Je ne répondis rien, même si j'étais surprise. Charlie se montrait toujours autoritaire, et ce jour-là, il se souciait bien peu que je lui aie désobéi. Il me sembla deviner un léger sourire sur ses lèvres, et je me demandai même s'il n'était pas satisfait que je prenne des décisions par moi-même. Ce n'était peut-être qu'une idée.

— Tiens, regarde ça, me dit-il en ramassant un journal plié qui gisait à côté de lui et en me le tendant. Il se passe des choses de plus en plus graves.

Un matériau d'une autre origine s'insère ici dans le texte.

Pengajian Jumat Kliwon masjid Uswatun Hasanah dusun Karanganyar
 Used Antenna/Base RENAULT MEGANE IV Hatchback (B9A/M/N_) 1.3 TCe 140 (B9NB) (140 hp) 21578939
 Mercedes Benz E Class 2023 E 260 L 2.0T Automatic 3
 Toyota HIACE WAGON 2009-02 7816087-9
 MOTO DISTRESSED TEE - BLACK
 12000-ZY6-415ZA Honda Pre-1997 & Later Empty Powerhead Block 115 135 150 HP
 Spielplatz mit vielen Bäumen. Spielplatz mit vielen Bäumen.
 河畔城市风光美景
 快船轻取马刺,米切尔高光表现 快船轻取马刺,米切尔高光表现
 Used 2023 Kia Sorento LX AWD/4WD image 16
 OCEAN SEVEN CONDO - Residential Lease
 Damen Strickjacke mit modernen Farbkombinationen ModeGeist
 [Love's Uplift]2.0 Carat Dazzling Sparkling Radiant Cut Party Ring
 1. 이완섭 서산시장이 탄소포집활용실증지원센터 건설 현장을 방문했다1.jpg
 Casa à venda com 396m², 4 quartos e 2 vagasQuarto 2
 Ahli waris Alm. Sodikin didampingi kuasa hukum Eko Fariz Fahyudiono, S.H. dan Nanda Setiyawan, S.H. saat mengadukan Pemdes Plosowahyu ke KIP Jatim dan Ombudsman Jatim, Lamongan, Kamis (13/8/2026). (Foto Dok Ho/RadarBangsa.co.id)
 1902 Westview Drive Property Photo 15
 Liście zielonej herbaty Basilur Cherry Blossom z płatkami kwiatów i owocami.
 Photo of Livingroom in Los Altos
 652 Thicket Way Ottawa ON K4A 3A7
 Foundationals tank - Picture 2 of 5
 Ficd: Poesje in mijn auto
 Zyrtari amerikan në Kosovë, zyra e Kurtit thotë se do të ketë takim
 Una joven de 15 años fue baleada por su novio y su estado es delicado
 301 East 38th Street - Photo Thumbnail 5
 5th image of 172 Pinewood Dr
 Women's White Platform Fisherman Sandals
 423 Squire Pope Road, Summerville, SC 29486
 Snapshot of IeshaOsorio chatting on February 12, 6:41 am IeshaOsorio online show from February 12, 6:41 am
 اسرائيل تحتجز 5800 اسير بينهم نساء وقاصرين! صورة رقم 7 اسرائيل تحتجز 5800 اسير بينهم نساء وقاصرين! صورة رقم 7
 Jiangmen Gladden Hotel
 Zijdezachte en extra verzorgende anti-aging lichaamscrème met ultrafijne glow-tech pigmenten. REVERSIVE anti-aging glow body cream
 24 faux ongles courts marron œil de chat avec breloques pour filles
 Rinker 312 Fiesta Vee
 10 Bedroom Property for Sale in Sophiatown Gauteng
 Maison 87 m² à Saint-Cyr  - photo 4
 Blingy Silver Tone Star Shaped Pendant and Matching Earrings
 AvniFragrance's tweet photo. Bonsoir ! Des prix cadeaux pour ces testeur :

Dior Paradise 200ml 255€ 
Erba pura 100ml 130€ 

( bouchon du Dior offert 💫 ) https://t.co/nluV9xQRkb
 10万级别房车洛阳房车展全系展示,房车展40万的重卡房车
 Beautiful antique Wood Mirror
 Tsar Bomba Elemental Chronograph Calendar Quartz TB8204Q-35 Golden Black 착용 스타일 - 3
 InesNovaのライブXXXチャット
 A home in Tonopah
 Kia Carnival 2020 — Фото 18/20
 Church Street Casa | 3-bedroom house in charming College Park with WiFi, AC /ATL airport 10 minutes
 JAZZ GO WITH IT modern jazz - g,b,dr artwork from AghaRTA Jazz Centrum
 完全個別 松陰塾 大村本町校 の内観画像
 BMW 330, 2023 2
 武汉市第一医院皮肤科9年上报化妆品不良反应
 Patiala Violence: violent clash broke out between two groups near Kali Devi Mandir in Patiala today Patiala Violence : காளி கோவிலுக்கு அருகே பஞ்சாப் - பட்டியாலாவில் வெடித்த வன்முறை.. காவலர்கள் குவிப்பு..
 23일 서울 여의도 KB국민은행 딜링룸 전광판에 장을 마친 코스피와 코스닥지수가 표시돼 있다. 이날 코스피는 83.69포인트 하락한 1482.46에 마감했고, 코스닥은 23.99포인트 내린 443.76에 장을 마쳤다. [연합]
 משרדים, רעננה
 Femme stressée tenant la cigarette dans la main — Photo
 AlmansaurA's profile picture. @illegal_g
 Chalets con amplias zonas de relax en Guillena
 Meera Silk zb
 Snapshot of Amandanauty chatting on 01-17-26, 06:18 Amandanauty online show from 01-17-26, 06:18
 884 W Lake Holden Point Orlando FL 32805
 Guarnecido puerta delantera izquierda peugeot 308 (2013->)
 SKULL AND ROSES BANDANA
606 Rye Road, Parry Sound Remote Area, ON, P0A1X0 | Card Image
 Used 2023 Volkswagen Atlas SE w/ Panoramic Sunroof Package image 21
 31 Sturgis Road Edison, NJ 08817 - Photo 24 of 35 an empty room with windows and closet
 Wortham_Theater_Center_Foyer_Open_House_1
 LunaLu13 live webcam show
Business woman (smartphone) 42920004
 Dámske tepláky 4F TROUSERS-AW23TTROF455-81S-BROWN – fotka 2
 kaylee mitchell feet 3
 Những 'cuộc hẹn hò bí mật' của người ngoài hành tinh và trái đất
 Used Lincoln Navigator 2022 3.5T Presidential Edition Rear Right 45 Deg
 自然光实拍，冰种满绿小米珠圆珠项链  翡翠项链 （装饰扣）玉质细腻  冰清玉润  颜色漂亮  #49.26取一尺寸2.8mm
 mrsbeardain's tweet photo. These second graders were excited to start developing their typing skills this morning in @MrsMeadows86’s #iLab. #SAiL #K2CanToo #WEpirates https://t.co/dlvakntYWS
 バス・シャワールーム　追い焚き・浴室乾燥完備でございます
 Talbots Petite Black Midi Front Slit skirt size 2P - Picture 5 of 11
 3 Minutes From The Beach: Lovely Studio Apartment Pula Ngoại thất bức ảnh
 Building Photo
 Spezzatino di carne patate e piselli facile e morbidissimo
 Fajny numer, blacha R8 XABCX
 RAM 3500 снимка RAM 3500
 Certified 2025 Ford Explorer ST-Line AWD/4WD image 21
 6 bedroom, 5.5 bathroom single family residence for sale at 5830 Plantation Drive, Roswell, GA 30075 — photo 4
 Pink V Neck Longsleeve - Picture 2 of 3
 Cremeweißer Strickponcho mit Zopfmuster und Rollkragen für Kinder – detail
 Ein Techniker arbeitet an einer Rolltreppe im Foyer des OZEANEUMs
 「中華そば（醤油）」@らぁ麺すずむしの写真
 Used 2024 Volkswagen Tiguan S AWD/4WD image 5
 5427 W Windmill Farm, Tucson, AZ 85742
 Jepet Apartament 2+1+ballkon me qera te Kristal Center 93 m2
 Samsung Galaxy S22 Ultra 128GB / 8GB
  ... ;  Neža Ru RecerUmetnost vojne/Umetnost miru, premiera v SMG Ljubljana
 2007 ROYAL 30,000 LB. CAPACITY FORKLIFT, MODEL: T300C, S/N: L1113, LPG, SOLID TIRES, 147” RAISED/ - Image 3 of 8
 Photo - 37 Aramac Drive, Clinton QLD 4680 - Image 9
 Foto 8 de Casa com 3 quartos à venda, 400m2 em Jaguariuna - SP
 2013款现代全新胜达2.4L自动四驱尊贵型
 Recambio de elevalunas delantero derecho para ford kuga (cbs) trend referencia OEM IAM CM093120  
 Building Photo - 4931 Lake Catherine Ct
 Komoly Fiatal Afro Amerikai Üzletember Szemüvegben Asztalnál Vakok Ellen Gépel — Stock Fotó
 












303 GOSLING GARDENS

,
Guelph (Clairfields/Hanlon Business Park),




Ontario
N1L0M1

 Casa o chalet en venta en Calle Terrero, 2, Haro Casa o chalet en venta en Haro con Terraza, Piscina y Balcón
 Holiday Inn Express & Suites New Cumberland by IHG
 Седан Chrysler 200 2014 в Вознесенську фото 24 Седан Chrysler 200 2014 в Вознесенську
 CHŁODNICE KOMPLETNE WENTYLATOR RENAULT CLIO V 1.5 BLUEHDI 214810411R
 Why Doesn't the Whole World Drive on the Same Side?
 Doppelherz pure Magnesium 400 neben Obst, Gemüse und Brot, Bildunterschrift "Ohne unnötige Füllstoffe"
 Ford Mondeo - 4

Je pris le papier et lus l'article qui en faisant la Une. Il s'agissait toujours des soldats. Les altercations avec la police se faisaient de plus en plus fréquentes, des mairies, gendarmeries ou d'autres bâtiments importants avaient été attaqués et saccagés. Des messages tagués étaient apparus sur les murs de la ville, insultant le gouvernement, dénonçant la guerre, la misère. La population était de plus en plus effrayée.

« Ces hommes sont fous, dis-je finalement. Ils vont tout détruire. »

Je crus voir une étincelle briller dans le regard de Charlie.

— Eh bien qu'ils détruisent tout. Ce n'est peut-être pas plus mal.

*

Le soir, je m'endormis comme une masse, épuisée, si bien que je ne pus pas espionner Charlie comme je l'aurais voulu. Je ne sus pas s'il avait passé la nuit avec moi ou s'il était parti un moment pendant mon sommeil. Je tâchai de ne rien lui montrer de mes soupçons. Ce garçon n'était pas tout à fait net, je ne tenais pas à ce qu'il décide de me compter parmi ses ennemis.

Il me laissa seule dans la matinée pour aller acheter à manger, ou probablement en voler, car même si nous avions de petites économies, je me doutais qu'il préférait en conserver une partie. Mais le prétexte de quelques courses ne suffisait pas à excuser les longues heures qu'il passa hors de notre cachette. J'avais l'impression que toutes les ficelles étaient entre mes mains pour découvrir la vérité. Il fallait que je comprenne.

Je profitai de son absence pour fouiller dans ses affaires. Je ne tardai pas à retrouver le papier que j'avais déjà vu le soir où Clovis m'avait attaquée. Je n'y avais pas repensé depuis. Il y avait toujours la même liste de noms suivis de quelques adresses, mais à présent, plusieurs étaient barrés. Il n'en restait plus que quelques-uns, dont Alexandre Apollinaire.

*

Les yeux fermés, recroquevillée contre le mur, j'entendis Charlie ramasser ses affaires. Il glissa ses couteaux sous ses vêtements, ainsi que son précieux pistolet. Comme toutes les nuits depuis quelques temps, il laissa son sac à dos. Il voulait probablement voyager le plus léger possible.